Он мой смех не поддерживает. Паркует машину во дворе многоэтажки в незнакомом районе и всем телом поворачивается ко мне, ожидая ответа.
Я чуть нервно пожимаю плечами.
– Не знаю. Почему обычно люди не сходятся – не сошлись характерами, не нашли общих тем, точек соприкосновения…
– Точек соприкосновения вроде этой? – он неожиданно наклоняется и, легко коснувшись моих губ своими, откидывается обратно спиной к дверце.

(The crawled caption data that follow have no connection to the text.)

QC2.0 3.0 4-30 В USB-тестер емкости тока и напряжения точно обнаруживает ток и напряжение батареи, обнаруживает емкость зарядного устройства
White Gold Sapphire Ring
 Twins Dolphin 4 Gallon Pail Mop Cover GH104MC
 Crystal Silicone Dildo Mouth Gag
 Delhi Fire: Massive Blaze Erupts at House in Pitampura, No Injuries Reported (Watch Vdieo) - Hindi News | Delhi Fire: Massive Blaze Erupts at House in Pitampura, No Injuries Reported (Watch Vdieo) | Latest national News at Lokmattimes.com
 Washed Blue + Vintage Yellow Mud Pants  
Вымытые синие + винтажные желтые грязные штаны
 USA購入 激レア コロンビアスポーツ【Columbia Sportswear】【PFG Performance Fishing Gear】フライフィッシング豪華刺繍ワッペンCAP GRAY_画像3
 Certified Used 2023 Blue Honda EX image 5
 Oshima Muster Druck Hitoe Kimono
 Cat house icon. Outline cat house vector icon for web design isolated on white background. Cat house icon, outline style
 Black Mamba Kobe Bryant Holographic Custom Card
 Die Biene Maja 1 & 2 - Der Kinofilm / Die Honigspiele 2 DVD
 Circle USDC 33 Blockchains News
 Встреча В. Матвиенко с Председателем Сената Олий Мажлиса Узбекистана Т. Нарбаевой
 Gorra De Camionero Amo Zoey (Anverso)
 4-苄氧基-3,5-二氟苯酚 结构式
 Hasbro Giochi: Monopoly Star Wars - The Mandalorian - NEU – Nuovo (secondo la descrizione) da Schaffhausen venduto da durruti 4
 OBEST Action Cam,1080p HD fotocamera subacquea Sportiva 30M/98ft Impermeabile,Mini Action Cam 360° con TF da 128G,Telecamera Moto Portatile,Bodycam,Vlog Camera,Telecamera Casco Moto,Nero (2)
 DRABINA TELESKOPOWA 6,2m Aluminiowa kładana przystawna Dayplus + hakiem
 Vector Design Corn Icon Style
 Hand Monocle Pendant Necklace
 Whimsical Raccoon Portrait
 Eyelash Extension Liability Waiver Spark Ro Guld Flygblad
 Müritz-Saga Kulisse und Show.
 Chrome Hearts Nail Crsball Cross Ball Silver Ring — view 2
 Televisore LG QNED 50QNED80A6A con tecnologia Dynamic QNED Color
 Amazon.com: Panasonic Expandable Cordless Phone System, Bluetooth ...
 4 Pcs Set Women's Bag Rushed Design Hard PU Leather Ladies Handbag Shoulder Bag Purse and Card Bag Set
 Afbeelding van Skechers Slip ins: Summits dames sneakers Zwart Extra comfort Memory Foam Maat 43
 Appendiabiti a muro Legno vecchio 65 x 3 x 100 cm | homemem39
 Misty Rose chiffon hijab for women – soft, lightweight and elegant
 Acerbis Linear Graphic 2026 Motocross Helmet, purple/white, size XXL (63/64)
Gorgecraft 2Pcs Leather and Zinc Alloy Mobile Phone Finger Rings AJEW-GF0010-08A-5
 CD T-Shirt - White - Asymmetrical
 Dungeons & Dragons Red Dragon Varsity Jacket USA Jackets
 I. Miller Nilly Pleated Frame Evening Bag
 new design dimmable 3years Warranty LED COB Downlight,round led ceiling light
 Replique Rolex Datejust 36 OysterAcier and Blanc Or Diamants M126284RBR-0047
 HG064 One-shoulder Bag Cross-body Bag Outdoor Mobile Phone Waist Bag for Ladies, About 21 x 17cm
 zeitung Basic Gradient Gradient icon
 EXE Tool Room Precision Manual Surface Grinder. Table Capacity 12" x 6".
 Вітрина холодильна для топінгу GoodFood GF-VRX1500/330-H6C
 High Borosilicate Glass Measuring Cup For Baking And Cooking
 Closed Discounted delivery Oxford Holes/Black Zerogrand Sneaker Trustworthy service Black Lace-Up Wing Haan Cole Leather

– И этой тоже, – тихо и заторможенно отвечаю я губами, пылающими от его прикосновения так, словно к ним приложили раскаленный паяльник.
С паяльником я, разумеется, дел не имела, а вот горячий утюг лизнуть пыталась. Сама сей прискорбный факт собственной биографии я помню весьма смутно – мне тогда было года четыре, но по неоднократным рассказам мамы картинка в голове сложилась очень четкая. Мы гостили у бабушки, когда мне, оставшейся без присмотра в дальней спальне, приглянулся включенный для нагревания утюг. Бытует версия, что он приманил меня гладкостью своей подошвы – девочки же, как и вороны, любят всё блестящее, – и я решила попробовать его на язык. Результатом непродолжительного близкого знакомства стали пронзительный визг, заставивший сбежаться на зов всю родню и переполошить ближайших соседей, и ожоги на кончиках языка и носа, к счастью, не очень сильные. В общем, раны на коже зажили быстро, а вот раны душевные оказались куда серьезнее. Иначе чем объяснить, что я до сих пор ненавижу гладить белье и даже свои вещи, предпочитая покупать одежду из немнущихся материалов? Наверняка виной тому вышеупомянутая детская травма.
– То есть мне повезло? Не придется тебя ни у кого отбивать? – улыбается Никита.
Я киваю с кривой улыбкой.
– Ну, тогда идем.
Он открывает свою дверь.
– К-куда? – я обвожу взглядом незнакомый человейник.
Возле его дома я была уже не раз, и это точно не он.
– В гости.
– К кому?
– Ко мне, конечно.
– Это твой дом?
– Квартира, – терпеливо поясняет он. – Родители подарили на совершеннолетие.